__What is expected__:
For this exercise, return exactly the lines of the material below that begin at the one with "Fat Face Pull" and stop after the one with "Hari Anak Nasional".

__The data__:
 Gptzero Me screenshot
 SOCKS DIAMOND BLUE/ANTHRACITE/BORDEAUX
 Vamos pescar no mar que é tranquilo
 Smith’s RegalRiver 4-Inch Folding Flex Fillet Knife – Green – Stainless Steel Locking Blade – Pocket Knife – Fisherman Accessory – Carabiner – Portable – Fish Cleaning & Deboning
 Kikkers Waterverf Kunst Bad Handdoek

...

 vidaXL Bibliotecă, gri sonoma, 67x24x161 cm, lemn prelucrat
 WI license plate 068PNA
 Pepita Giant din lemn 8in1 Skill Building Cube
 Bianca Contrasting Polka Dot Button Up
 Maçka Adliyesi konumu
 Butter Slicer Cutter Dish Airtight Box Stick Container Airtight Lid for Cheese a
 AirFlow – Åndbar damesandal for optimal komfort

==

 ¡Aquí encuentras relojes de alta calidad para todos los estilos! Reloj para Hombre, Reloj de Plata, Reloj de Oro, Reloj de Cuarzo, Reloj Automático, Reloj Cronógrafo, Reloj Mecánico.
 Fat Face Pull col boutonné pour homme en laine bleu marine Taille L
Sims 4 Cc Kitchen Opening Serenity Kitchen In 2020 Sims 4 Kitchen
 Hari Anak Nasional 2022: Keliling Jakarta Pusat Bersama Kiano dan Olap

__Exercise answer__:
 Fat Face Pull col boutonné pour homme en laine bleu marine Taille L
Sims 4 Cc Kitchen Opening Serenity Kitchen In 2020 Sims 4 Kitchen
 Hari Anak Nasional 2022: Keliling Jakarta Pusat Bersama Kiano dan Olap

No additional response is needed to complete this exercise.